Plato's Cave: Invariant Representation
Bottom-Up Invariant Recognition
An interesting relationship can be seen in the orientational harmonic
system in the relationship between the spatial pattern of orientations
produced by the standing waves in the system, and the corresponding
temporal frequencies that result from such standing waves.
The temporal frequency of a standing wave is equal to the wavelength
divided by the speed of sound in the medium, which is a constant, so
that the temporal frequency is proportional to the wavelength. A
fourth harmonic standing wave for example will produce twice the
temporal frequency of a second harmonic which in turn is twice the
frequency of the first harmonic waveform. The significance of this
relationship is that the temporal frequency is a non-spatial quantity,
represented by a single value, while the corresponding standing wave
is a spatial pattern with a spatial, or orientational frequency, and a
phase, or absolute orientation. A single temporal frequency in the
orientational harmonic system therefore represents all the possible
orientations of the corresponding orientational frequency pattern in a
many-to-one manner.
Consider a bank of tuned filters set to respond specifically to the
harmonics of a circular harmonic system. The second harmonic filter
for example would respond equally to a second harmonic pattern at any
orientation, as shown below. These tuned filters therefore represent
a rotation invariant representation of the pattern of standing waves
in the system.
Since the patterns are themselves expressed in terms of angles, and
angles by their nature are invariant to scale, the orientational
representation is fundamentally invariant to changes in scale, so
again, the system has a natural scale invariance property.

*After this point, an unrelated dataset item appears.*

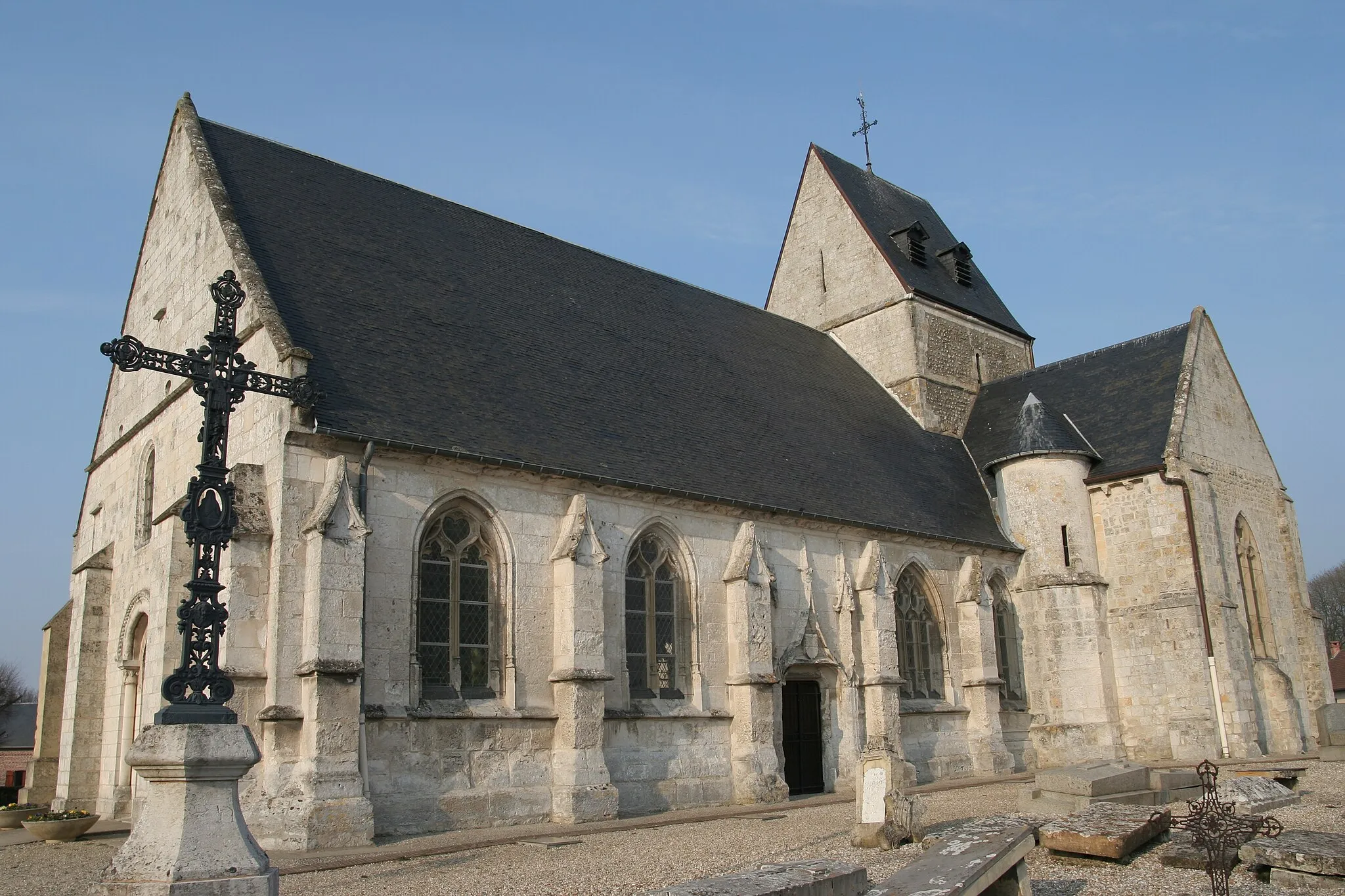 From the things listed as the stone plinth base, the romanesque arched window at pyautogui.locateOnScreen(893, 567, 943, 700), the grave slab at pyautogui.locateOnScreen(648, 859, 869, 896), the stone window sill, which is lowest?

Finally, translation invariance can also be added to the system by
replicating the harmonic units in a spatial array, and arranging
global tuned filters which can receive input from all of the
units in the array simultaneously. The presence of a third harmonic
vertex anywhere in this array would therefore stimulate the
third harmonic filter in a rotation, translation, and scale invariant
manner.
Top-Down Specific Completion
An even more interesting feature of this system is seen by replacing
the bank of tuned filters by a bank of oscillators, which can be made
to broadcast a temporal frequency corresponding to any of the patterns
of standing waves. This will stimulate a standing wave in the
resonant system, i.e. the system can be made to "hallucinate" that
pattern as if it were detected in the input.
Because of the many-to-one invariance relationship between the
multiple rotations of a pattern and its single tuned oscillator, such
top-down priming does not specify the rotation of the resultant
pattern, but rather stimulates all rotations simultaneously. In the
presence of a weak or partial input on the other
hand, the emergent pattern will rotate to the orientation which best
matches both the bottom-up input and the top-down prime. This will
become clear in the following computer simulation.
The figure below represents a single harmonic unit, and the black
arrows represent an input pattern composed in this case of two edges
in a near-collinear vertex. The gray shading represents the response
of the harmonic ring to this input, as calculated in the simulation.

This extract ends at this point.